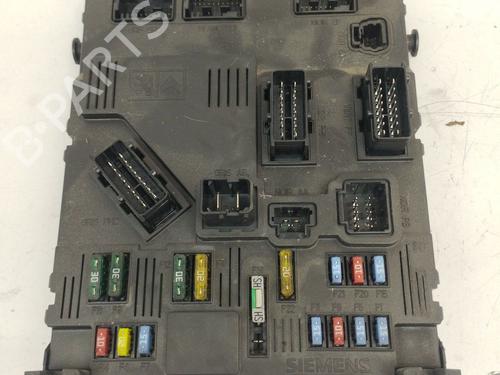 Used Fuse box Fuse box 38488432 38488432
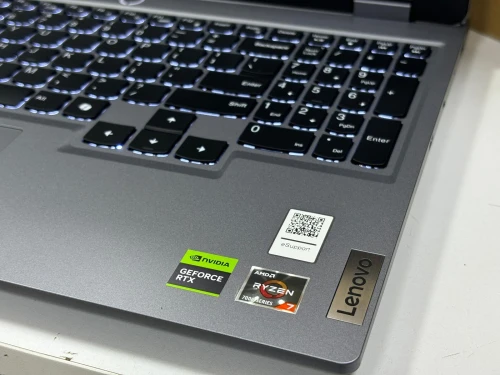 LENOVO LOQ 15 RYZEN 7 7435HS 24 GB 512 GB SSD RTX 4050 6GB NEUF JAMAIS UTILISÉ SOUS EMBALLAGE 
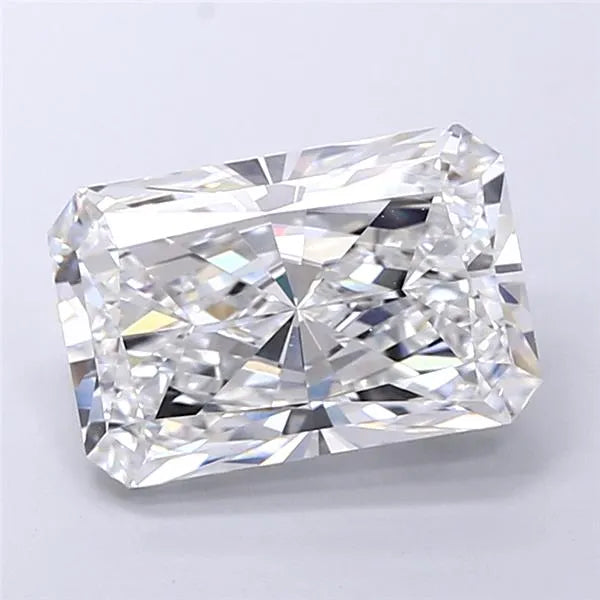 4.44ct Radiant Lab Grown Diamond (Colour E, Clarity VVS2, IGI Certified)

——

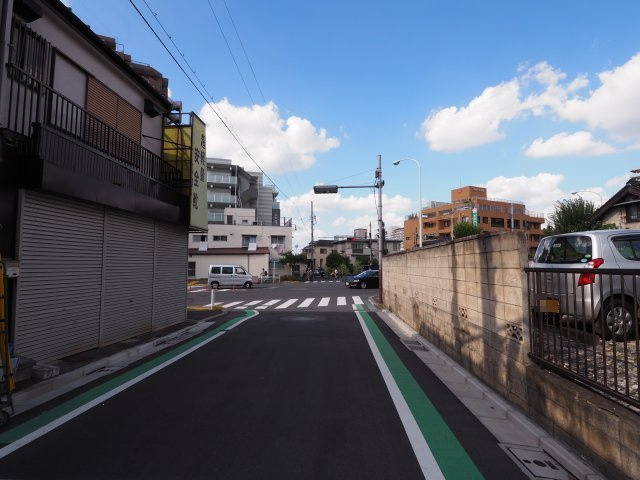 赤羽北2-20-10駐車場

——

● **WHAT THE EXERCISE ASKS**: For this exercise, set down the lines in the entries above from the one with "LENOVO LOQ 15" through the one with "4.44ct Radiant Lab" exactly as written, without any pictures.

● **RESPONSE TO THE TASK**:
 LENOVO LOQ 15 RYZEN 7 7435HS 24 GB 512 GB SSD RTX 4050 6GB NEUF JAMAIS UTILISÉ SOUS EMBALLAGE 
 4.44ct Radiant Lab Grown Diamond (Colour E, Clarity VVS2, IGI Certified)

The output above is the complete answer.